4. I have been busy taking pictures. Adorable ones.  And I would love to share them with you.  But alas, I cannot. Because I lost the cord that connects my camera to my computer. SO, SO, SAD. But honestly, we should all just be happy I didn't lose the camera. Clearly, my mind has not been at its best.  Until I remedy this situation let me just verbally (writtenly?) assure you that in these alleged photos (which I will share eventually, I promise) Henry is one or more of the following: cute, so cute, very cute, big, so big, very big, running, jumping, falling, coloring!, finger painting, eating, making an apocalyptic mess, climbing, swimming, hugging, getting his hair cut (by me! not one of my best decisions!), playing with his friends/aunts/uncles/grandparents, at the zoo, at the park, at the library, or jumping on his bed.

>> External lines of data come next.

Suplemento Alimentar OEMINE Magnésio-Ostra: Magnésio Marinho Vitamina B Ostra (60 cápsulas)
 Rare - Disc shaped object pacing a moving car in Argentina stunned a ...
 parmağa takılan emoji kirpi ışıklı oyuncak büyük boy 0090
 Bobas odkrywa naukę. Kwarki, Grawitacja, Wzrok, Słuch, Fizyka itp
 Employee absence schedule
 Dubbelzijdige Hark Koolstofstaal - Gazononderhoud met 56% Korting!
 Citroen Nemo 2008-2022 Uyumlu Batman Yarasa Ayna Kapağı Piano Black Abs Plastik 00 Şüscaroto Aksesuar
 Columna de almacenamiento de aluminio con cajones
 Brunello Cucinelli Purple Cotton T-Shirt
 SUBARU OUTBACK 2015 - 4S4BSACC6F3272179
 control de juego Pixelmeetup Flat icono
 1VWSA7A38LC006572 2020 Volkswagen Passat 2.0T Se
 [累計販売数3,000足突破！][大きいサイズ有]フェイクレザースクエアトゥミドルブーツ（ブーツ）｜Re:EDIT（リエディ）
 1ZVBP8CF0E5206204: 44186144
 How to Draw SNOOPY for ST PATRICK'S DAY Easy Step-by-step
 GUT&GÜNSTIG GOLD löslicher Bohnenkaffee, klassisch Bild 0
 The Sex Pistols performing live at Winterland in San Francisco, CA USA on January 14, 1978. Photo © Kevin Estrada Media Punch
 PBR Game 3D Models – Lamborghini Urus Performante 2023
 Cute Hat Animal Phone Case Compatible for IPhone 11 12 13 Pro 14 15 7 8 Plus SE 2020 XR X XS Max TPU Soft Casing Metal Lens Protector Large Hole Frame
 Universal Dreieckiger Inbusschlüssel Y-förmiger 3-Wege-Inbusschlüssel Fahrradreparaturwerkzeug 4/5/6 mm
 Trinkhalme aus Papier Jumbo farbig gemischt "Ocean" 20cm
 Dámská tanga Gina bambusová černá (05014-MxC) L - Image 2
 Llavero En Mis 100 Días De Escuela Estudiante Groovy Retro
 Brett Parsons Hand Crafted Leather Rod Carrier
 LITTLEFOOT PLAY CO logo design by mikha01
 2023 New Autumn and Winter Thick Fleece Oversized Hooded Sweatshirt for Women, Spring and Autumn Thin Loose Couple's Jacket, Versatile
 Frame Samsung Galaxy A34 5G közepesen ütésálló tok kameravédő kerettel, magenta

5. I have been planning a preschool curriculum!!!  No, not for Henry. Calm down. I'm not going to try to teach my one year old to read. (Yet.) It's for A! In the fall I'm going to start doing preschool with her twice a week. The bossy, rational part of myself says, "You idiot. Stop giving yourself more things to do." The teacher part of myself says "SQQQUUUUUUEEEEEEEE!!!!" as she jumps up and down and claps her hands and basically overflows with joy. Clearly, she won that argument. CLEARLY.

SO, now that you COMPLETELY understand why I have not been blogging, and of COURSE forgive me for this lapse because my excuses are AIRTIGHT, I promise these things in the coming weeks:

1. A post with all the books I've finished over the past few months! I did make it through a few, despite my aforementioned pre-natal-narcolepsy.

2. Pictures of Henry! As soon as I buy a new cord. Which will have to be soon because there are currently 874 pictures on the camera, and it only (only!?) holds a thousand, so I can't put it off much longer.

3. More frequent postings!  I do miss the blog. Funny things happen and I think, 'I should blog about this!' and then I remember that I haven't blogged in weeks, and it would be weird to break weeks of radio silence with a post about how I think my cat is bi-polar or how I feel weird for thinking grown-up Neville Longbottom is smokin' hot or how my new way of making iced coffee is amazing and perfect and so easy, and how everyone in the world should just do it my way because this is, like, A DISCOVERY. Move over Christopher Columbus.

That's all. Carry on with your lives now.